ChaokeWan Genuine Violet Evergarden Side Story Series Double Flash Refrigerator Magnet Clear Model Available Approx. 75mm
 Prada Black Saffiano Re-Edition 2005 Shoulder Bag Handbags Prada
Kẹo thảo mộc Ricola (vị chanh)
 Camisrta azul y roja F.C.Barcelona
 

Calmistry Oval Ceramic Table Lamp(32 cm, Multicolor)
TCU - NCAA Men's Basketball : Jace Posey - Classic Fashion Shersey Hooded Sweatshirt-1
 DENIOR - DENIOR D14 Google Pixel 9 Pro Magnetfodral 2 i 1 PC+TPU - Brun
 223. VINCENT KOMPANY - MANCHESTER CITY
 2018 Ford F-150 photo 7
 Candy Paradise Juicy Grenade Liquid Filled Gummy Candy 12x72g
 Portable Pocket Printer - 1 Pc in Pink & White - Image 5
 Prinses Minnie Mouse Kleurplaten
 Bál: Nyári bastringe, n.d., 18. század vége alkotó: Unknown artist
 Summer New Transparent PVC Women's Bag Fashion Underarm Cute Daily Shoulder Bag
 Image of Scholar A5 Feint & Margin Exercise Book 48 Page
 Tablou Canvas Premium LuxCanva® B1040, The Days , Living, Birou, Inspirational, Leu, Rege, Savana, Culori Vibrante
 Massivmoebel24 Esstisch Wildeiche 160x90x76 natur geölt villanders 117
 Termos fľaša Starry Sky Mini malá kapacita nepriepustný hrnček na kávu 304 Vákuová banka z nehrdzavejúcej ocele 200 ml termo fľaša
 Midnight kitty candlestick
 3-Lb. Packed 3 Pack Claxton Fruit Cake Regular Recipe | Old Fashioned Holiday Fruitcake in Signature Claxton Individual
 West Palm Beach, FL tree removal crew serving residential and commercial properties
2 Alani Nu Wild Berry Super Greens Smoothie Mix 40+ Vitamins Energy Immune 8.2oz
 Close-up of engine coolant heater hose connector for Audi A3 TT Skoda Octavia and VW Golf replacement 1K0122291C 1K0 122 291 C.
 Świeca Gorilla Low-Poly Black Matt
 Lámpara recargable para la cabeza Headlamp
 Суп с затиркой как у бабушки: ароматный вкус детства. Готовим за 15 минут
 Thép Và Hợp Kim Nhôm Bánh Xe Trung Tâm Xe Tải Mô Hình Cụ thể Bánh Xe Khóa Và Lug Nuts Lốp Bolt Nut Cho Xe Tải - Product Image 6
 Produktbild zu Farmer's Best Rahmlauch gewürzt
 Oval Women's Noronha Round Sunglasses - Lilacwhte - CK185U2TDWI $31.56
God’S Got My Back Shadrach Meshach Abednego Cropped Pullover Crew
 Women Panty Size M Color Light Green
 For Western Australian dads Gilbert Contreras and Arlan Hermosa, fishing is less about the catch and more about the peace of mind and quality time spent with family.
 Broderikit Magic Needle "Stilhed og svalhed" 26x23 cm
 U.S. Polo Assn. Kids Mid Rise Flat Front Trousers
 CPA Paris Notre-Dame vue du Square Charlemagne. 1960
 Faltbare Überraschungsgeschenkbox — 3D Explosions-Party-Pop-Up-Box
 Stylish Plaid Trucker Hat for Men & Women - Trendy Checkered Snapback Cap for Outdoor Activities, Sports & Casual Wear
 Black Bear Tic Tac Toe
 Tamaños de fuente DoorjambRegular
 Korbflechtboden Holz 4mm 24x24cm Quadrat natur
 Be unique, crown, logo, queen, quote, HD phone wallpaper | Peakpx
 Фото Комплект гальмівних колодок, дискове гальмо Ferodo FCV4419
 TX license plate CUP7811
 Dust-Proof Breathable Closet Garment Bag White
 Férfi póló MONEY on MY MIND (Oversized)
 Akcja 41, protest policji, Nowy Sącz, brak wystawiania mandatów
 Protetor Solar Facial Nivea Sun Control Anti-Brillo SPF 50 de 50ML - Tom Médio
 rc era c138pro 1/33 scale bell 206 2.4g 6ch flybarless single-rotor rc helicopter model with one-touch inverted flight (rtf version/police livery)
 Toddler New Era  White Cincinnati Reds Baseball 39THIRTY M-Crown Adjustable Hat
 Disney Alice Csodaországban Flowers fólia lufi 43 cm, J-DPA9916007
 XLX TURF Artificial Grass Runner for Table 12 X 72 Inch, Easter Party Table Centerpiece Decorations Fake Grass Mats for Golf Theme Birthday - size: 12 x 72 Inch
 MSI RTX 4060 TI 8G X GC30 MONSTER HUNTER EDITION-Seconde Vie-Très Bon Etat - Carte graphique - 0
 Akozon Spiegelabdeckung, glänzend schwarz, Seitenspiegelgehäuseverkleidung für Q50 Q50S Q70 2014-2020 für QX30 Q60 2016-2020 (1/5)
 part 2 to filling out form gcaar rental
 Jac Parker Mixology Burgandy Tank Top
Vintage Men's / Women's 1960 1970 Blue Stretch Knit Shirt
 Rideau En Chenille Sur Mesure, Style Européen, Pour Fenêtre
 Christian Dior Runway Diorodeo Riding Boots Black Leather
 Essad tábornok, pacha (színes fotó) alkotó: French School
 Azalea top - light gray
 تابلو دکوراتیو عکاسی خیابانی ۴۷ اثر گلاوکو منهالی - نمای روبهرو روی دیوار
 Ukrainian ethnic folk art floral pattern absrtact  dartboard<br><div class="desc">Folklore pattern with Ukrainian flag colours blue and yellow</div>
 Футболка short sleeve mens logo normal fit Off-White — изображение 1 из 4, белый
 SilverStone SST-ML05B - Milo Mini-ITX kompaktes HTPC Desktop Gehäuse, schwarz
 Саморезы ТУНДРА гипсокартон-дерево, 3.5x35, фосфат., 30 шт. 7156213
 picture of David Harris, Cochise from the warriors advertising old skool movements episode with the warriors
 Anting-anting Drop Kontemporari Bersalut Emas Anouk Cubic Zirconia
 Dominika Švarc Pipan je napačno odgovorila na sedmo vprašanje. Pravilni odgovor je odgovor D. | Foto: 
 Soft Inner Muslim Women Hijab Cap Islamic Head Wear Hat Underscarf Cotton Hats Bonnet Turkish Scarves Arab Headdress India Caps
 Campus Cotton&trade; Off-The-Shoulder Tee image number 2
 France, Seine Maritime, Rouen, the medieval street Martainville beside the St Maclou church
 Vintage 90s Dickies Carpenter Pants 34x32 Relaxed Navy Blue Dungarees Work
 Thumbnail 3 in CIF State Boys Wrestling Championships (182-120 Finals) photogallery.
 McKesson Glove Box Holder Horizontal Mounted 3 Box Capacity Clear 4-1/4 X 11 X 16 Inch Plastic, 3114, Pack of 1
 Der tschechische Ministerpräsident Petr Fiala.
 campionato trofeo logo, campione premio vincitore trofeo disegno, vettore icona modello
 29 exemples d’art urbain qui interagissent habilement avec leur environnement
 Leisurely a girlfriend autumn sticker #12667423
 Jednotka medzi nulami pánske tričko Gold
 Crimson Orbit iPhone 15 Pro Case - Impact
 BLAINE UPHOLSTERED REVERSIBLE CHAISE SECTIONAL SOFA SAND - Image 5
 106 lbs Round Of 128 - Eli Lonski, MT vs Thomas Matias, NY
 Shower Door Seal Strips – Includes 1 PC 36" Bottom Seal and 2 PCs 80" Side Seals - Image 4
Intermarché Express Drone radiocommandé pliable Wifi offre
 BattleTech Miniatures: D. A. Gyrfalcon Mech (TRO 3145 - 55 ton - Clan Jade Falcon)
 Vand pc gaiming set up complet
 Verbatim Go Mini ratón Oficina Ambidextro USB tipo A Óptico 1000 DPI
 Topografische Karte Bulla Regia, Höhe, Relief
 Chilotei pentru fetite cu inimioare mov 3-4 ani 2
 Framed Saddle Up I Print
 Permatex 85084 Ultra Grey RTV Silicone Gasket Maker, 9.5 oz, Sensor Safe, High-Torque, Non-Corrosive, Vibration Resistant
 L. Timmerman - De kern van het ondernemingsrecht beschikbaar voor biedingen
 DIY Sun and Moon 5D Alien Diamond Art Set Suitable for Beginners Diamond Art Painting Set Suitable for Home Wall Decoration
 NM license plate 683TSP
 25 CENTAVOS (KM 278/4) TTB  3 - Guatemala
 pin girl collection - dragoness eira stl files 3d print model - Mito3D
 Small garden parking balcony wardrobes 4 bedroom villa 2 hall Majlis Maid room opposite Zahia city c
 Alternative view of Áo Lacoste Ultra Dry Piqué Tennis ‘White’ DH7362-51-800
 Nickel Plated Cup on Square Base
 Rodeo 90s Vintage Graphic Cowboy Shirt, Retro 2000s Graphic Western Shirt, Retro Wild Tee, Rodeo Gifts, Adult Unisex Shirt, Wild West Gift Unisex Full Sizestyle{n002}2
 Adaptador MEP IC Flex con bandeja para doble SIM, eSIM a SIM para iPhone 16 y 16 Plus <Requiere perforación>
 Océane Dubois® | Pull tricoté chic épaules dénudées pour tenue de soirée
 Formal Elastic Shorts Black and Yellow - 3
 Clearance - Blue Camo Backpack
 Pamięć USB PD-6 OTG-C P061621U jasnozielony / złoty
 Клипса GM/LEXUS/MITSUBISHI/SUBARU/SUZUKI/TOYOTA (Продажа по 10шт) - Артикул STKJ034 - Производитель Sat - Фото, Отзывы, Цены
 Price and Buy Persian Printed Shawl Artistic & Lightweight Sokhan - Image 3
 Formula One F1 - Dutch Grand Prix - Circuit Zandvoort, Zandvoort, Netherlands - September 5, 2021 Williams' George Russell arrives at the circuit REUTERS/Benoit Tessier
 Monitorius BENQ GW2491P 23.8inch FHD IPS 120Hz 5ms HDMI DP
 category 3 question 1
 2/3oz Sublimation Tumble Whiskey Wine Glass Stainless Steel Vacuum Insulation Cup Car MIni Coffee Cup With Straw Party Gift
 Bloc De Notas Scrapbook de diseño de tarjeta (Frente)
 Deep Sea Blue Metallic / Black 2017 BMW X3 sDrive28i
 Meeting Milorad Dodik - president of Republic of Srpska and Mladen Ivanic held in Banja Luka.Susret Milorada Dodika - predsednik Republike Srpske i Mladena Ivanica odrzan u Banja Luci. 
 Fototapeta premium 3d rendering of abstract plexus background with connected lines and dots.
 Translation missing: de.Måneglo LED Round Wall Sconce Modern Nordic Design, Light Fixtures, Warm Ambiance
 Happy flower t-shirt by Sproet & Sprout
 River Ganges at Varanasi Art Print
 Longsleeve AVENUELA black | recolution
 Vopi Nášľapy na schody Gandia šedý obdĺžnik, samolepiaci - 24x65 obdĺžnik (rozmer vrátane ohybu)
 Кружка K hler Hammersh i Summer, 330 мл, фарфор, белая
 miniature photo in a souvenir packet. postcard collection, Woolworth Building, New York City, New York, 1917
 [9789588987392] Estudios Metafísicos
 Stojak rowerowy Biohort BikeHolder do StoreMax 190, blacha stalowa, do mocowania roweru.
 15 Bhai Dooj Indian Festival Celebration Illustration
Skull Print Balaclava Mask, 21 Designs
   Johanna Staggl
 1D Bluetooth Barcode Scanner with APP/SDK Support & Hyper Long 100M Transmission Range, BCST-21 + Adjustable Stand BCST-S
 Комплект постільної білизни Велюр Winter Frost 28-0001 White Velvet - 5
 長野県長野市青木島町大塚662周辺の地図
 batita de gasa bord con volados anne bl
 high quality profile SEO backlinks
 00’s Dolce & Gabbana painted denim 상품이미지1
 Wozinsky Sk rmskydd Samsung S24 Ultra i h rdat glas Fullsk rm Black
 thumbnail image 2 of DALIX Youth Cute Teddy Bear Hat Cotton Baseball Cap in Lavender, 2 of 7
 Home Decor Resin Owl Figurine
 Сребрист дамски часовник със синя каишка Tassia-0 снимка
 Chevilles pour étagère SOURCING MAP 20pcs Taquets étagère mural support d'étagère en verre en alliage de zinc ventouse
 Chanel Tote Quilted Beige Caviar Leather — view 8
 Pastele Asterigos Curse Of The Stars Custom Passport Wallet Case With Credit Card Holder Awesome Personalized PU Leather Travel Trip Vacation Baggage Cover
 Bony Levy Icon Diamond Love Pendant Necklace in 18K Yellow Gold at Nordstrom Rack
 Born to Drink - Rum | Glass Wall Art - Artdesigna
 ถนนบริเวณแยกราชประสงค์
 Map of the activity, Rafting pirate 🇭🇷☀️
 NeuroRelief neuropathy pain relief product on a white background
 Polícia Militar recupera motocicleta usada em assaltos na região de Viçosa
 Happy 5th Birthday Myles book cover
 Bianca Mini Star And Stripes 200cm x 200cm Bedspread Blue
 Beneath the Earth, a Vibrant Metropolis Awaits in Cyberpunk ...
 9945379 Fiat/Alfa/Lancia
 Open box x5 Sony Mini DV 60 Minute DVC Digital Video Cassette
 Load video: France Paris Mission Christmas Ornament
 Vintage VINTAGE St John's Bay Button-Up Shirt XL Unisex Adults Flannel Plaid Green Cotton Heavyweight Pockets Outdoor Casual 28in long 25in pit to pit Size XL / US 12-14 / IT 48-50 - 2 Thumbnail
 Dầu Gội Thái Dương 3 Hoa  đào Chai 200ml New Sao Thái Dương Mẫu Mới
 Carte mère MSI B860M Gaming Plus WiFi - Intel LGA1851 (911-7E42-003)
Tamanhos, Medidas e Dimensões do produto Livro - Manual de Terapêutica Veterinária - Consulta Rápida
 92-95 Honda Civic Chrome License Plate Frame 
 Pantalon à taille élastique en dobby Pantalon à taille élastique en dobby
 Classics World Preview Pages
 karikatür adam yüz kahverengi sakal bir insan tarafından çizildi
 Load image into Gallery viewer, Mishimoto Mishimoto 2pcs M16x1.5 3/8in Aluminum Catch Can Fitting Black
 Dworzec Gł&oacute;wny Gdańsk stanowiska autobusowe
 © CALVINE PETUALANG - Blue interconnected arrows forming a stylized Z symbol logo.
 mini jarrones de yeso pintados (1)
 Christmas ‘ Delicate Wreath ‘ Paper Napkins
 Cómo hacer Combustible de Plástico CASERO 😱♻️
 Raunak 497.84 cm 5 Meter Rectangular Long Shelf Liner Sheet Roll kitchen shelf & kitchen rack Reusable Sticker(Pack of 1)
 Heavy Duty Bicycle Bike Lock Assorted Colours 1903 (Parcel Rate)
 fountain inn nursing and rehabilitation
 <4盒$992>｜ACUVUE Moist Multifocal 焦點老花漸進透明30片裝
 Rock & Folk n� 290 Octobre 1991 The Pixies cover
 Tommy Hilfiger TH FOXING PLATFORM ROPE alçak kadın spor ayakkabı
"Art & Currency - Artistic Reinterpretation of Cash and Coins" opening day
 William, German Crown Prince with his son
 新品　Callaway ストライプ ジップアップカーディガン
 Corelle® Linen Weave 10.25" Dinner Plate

^^^^^^^^

Each line in the listing above from the one containing "L. Timmerman - De" through the one containing "Nickel Plated Cup on Square Base" should be repeated exactly, and no other line.

*OUTPUT OF THE TASK*.
 L. Timmerman - De kern van het ondernemingsrecht beschikbaar voor biedingen
 DIY Sun and Moon 5D Alien Diamond Art Set Suitable for Beginners Diamond Art Painting Set Suitable for Home Wall Decoration
 NM license plate 683TSP
 25 CENTAVOS (KM 278/4) TTB  3 - Guatemala
 pin girl collection - dragoness eira stl files 3d print model - Mito3D
 Small garden parking balcony wardrobes 4 bedroom villa 2 hall Majlis Maid room opposite Zahia city c
 Alternative view of Áo Lacoste Ultra Dry Piqué Tennis ‘White’ DH7362-51-800
 Nickel Plated Cup on Square Base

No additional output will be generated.